Gertrude Gomez, who spent 23 years as a crossing guard at Prince and MacDougal Sts. guiding children to and from St. Anthony of Padua School, died on April 10 at St. Vincent’s Hospital after a short illness at the age of 74.
Known as Gertie to a generation of children, whom she referred to as “my kids,” and their parents, her smile was a beacon on school day mornings, noon recesses and dismissal times at the Father Fagin triangle intersection until last year.
In an October 2003 profile of Gomez in The Villager, a mother of two children said that she didn’t remember a school day without Gertie. “Every morning, every day, she greets me by my first name. Rain, shine, cold, hot, she’s always there,” the mother said.
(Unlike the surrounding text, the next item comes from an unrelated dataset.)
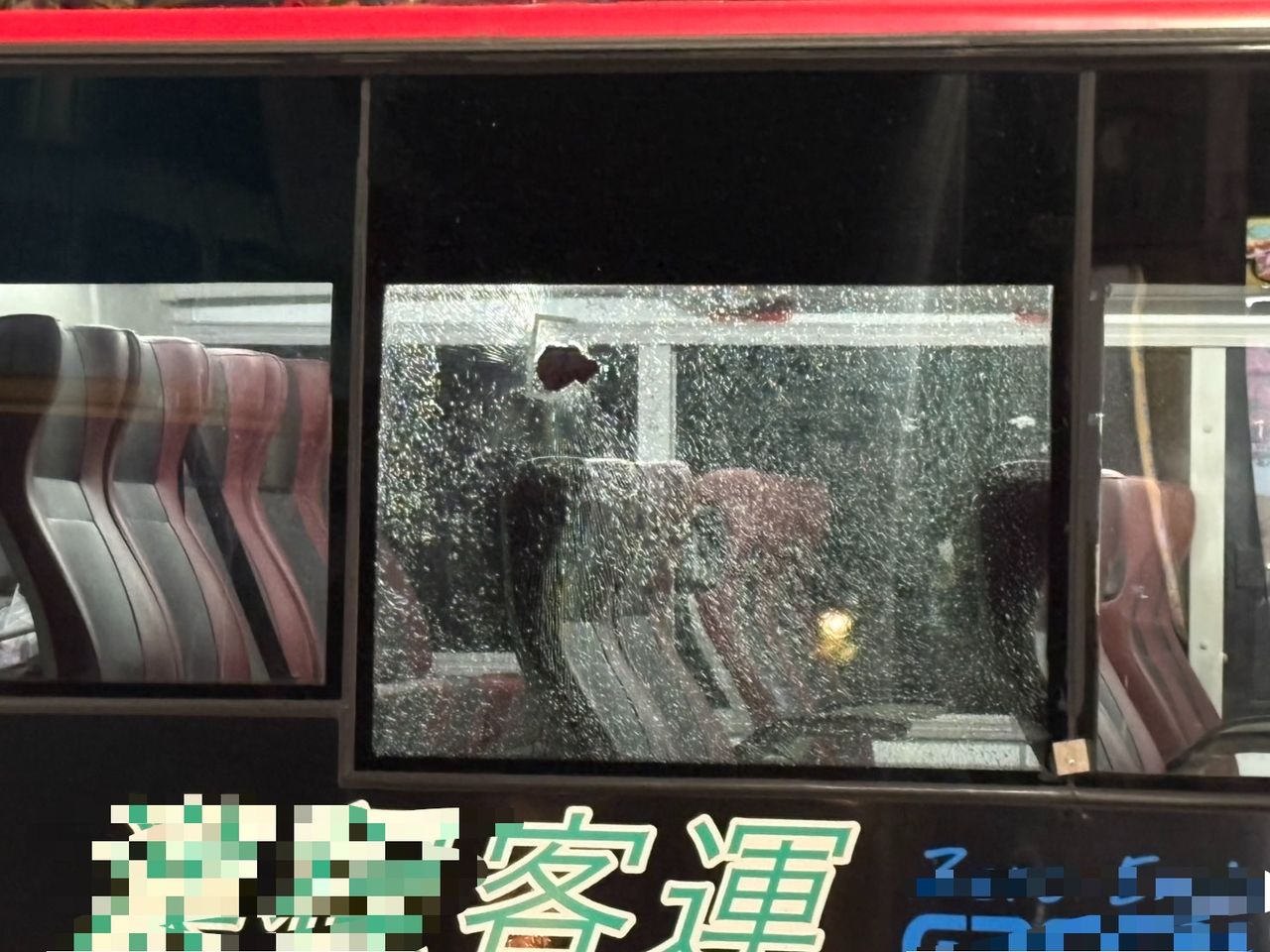 撿起石頭就亂丟!神力貫穿公車二層玻璃 被捕時他竟說是這原因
Gomez took the job as a school crossing guard (at a then-respectable $4.26 per hour) when her printing company job was phased out and she didn’t want to retire at the age of 49. She told The Villager in 2003 that she took a two-week crossing-guard training course but mostly that she guarded the crossing by commonsense. “I raise my hand and they stop,” she said.
She never had an accident on her watch, but there were a few close calls — one about eight years ago when a speeding driver almost hit her. Then there was the time a big dog clamped his jaws around her foot. But except for the uniform (the white sash went out and the iridescent traffic vest replaced it) and the pay ($10.65 per hour plus health benefits), and a new generation of children and parents, the job remained the same. Mothers began showing her wedding pictures of the children she had crossed 20 years earlier.
Born Gertrude Moore in Hell’s Kitchen, she moved to Soho after she married Louis Gomez. He is a patient at St. Vincent’s Hospital and was admitted before his wife became ill recently, according to the family.
In addition to her husband, her stepdaughter, Diana Parra, two grandchildren and two sisters, Evelyn Gallagher and Helen LoConti, also survive.
Perazzo Funeral Home, 199 Bleecker St., was in charge of arrangements. The funeral was on April 14 at St. Anthony of Padua Church and burial was in Calverton Cemetery on Long Island.